Memory Bandwidth: Memory bandwidth is the largest amount of data (in units of MB per second) that can be moved across the external memory interface within a second. It's calculated by multiplying the card's bus width by the speed of its memory. If it uses DDR type memory, it must be multiplied by 2 again. If DDR5, multiply by 4 instead. The better the card's memory bandwidth, the faster the card will be in general. It especially helps with AA, HDR and higher screen resolutions.

Texel Rate: Texel rate is the maximum texture map elements (texels) that are applied per second. This number is worked out by multiplying the total number of texture units by the core speed of the chip. The better the texel rate, the better the graphics card will be at handling texture filtering (anisotropic filtering - AF). It is measured in millions of texels processed in one second.

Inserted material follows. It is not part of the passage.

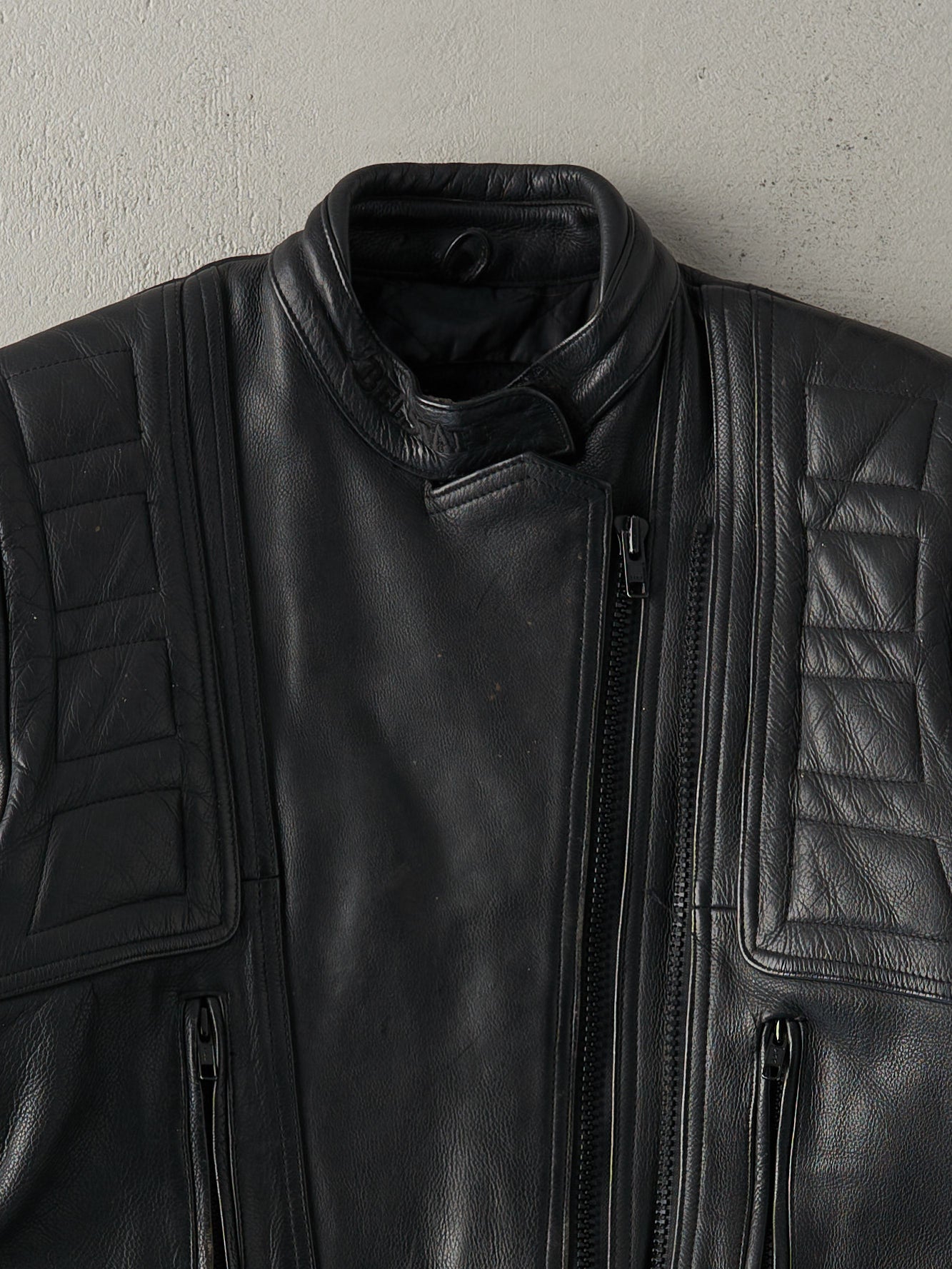 Vintage 90s Black Belstaff Leather Biker Jacket (XS)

Pixel Rate: Pixel rate is the maximum amount of pixels the video card could possibly record to the local memory per second - measured in millions of pixels per second. Pixel rate is calculated by multiplying the amount of ROPs by the clock speed of the card. ROPs (Raster Operations Pipelines - also sometimes called Render Output Units) are responsible for drawing the pixels (image) on the screen. The actual pixel fill rate is also dependant on lots of other factors, especially the memory bandwidth - the lower the bandwidth is, the lower the potential to get to the maximum fill rate.